_About this task_
Transcribe exactly the line that contains "Hanging Plants 02 3D model_2" and each line that comes after it in the material, the last line included, and nothing more.

_Exercise data_

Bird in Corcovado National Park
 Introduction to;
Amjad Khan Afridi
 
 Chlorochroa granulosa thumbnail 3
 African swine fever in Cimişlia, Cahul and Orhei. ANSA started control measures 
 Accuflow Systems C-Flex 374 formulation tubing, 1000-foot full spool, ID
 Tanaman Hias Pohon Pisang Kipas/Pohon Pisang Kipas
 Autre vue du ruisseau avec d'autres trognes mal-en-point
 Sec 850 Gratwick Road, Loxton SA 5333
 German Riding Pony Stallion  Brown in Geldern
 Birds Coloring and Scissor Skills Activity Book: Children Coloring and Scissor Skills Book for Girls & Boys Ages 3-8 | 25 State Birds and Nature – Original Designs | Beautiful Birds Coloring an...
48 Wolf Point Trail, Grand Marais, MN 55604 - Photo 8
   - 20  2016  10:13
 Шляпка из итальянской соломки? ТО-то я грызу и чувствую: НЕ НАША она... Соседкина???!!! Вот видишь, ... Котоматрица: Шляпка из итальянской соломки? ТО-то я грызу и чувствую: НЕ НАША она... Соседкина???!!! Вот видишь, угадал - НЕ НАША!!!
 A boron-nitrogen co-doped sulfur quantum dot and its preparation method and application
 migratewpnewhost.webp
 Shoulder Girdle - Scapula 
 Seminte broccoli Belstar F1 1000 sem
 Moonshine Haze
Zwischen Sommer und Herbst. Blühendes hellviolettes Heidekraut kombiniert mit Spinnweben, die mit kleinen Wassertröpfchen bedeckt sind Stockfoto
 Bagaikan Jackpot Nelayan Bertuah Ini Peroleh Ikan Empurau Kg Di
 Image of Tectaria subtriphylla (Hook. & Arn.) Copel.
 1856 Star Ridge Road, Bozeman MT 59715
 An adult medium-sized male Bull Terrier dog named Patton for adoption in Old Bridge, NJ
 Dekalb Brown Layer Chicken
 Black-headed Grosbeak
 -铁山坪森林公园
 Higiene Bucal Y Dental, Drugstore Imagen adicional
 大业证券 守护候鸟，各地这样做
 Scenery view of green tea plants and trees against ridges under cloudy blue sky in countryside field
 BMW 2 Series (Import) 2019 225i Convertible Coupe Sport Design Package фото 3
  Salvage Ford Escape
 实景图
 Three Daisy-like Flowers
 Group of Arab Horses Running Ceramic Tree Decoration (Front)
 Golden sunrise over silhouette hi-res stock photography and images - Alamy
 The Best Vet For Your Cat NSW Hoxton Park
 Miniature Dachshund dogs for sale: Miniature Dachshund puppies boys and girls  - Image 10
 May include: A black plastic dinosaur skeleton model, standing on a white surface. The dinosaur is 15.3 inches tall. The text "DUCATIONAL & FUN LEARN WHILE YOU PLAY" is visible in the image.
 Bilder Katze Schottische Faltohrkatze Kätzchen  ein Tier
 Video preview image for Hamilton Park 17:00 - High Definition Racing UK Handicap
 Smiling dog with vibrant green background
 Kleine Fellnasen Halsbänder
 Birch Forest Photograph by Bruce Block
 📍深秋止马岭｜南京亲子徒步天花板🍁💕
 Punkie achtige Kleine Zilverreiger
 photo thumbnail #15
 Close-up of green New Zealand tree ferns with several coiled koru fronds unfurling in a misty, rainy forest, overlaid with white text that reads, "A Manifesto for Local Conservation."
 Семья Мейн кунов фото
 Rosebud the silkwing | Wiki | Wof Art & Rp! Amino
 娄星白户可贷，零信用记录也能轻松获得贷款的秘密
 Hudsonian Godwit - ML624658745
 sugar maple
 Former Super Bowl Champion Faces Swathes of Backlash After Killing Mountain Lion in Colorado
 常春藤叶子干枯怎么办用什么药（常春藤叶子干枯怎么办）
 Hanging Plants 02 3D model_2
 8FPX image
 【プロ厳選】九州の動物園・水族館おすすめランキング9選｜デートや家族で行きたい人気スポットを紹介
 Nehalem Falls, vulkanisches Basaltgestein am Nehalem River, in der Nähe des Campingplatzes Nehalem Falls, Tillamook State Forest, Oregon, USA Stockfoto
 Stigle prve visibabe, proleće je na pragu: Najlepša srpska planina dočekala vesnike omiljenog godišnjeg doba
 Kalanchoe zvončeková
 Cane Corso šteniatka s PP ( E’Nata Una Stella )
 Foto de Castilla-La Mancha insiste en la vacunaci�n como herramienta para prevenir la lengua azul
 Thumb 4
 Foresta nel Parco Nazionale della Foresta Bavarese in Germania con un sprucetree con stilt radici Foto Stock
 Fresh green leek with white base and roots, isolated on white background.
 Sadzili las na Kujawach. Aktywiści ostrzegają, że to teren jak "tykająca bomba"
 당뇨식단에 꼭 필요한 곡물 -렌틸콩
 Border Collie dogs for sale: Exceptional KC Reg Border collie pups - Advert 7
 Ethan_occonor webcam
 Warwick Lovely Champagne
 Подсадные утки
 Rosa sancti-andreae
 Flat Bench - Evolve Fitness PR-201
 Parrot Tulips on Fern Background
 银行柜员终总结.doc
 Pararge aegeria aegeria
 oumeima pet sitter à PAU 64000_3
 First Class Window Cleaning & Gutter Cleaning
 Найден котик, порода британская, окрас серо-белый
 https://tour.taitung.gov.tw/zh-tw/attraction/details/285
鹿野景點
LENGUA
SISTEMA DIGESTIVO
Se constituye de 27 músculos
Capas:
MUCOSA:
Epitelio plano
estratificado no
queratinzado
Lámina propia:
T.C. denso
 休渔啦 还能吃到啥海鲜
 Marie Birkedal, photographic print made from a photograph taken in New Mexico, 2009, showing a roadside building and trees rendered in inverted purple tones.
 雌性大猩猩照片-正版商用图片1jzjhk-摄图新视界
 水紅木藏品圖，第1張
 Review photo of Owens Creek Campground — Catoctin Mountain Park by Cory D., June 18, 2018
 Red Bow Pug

_Exercise output_
 Hanging Plants 02 3D model_2
 8FPX image
 【プロ厳選】九州の動物園・水族館おすすめランキング9選｜デートや家族で行きたい人気スポットを紹介
 Nehalem Falls, vulkanisches Basaltgestein am Nehalem River, in der Nähe des Campingplatzes Nehalem Falls, Tillamook State Forest, Oregon, USA Stockfoto
 Stigle prve visibabe, proleće je na pragu: Najlepša srpska planina dočekala vesnike omiljenog godišnjeg doba
 Kalanchoe zvončeková
 Cane Corso šteniatka s PP ( E’Nata Una Stella )
 Foto de Castilla-La Mancha insiste en la vacunaci�n como herramienta para prevenir la lengua azul
 Thumb 4
 Foresta nel Parco Nazionale della Foresta Bavarese in Germania con un sprucetree con stilt radici Foto Stock
 Fresh green leek with white base and roots, isolated on white background.
 Sadzili las na Kujawach. Aktywiści ostrzegają, że to teren jak "tykająca bomba"
 당뇨식단에 꼭 필요한 곡물 -렌틸콩
 Border Collie dogs for sale: Exceptional KC Reg Border collie pups - Advert 7
 Ethan_occonor webcam
 Warwick Lovely Champagne
 Подсадные утки
 Rosa sancti-andreae
 Flat Bench - Evolve Fitness PR-201
 Parrot Tulips on Fern Background
 银行柜员终总结.doc
 Pararge aegeria aegeria
 oumeima pet sitter à PAU 64000_3
 First Class Window Cleaning & Gutter Cleaning
 Найден котик, порода британская, окрас серо-белый
 https://tour.taitung.gov.tw/zh-tw/attraction/details/285
鹿野景點
LENGUA
SISTEMA DIGESTIVO
Se constituye de 27 músculos
Capas:
MUCOSA:
Epitelio plano
estratificado no
queratinzado
Lámina propia:
T.C. denso
 休渔啦 还能吃到啥海鲜
 Marie Birkedal, photographic print made from a photograph taken in New Mexico, 2009, showing a roadside building and trees rendered in inverted purple tones.
 雌性大猩猩照片-正版商用图片1jzjhk-摄图新视界
 水紅木藏品圖，第1張
 Review photo of Owens Creek Campground — Catoctin Mountain Park by Cory D., June 18, 2018
 Red Bow Pug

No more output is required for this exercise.